Dataset:
>>>>

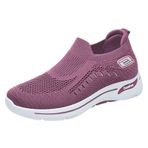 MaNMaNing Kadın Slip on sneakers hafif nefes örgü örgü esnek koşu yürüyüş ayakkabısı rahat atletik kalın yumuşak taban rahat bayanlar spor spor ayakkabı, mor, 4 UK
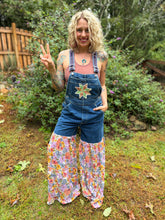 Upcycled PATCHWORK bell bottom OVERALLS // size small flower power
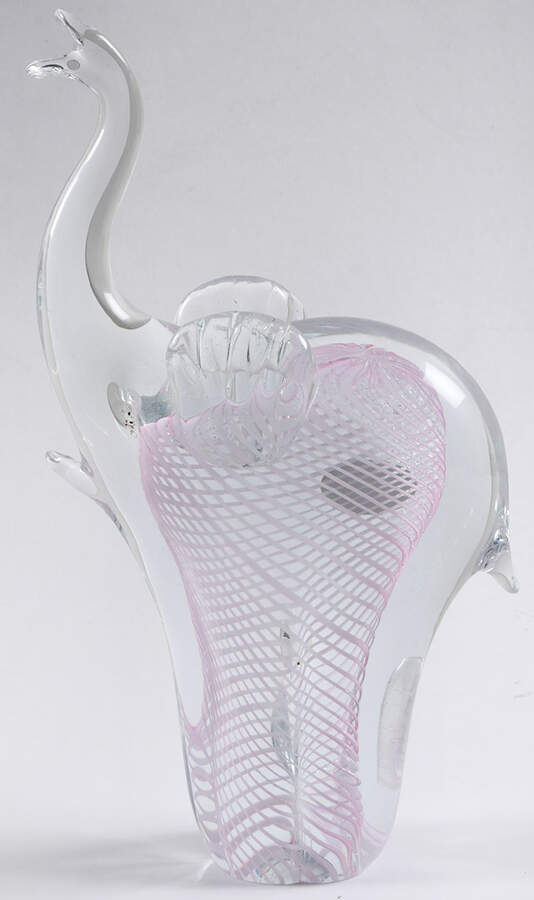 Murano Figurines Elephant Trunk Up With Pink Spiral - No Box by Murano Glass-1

<<<<
>>>>

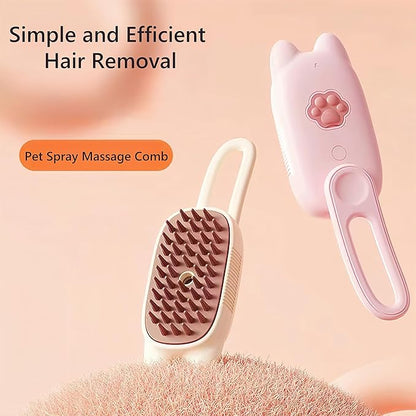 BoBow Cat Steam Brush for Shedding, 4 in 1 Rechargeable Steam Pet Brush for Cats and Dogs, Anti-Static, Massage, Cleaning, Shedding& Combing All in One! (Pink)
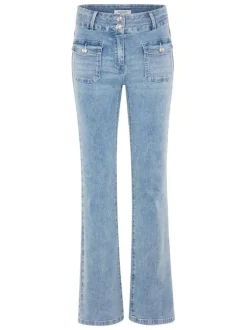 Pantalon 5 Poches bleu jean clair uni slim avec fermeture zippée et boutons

<<<<

Copy out the lines above from the line containing "MaNMaNing Kadın Slip" through the line containing "Murano Figurines Elephant", exactly, and keep the pictures out.

 MaNMaNing Kadın Slip on sneakers hafif nefes örgü örgü esnek koşu yürüyüş ayakkabısı rahat atletik kalın yumuşak taban rahat bayanlar spor spor ayakkabı, mor, 4 UK
 Upcycled PATCHWORK bell bottom OVERALLS // size small flower power
 Murano Figurines Elephant Trunk Up With Pink Spiral - No Box by Murano Glass-1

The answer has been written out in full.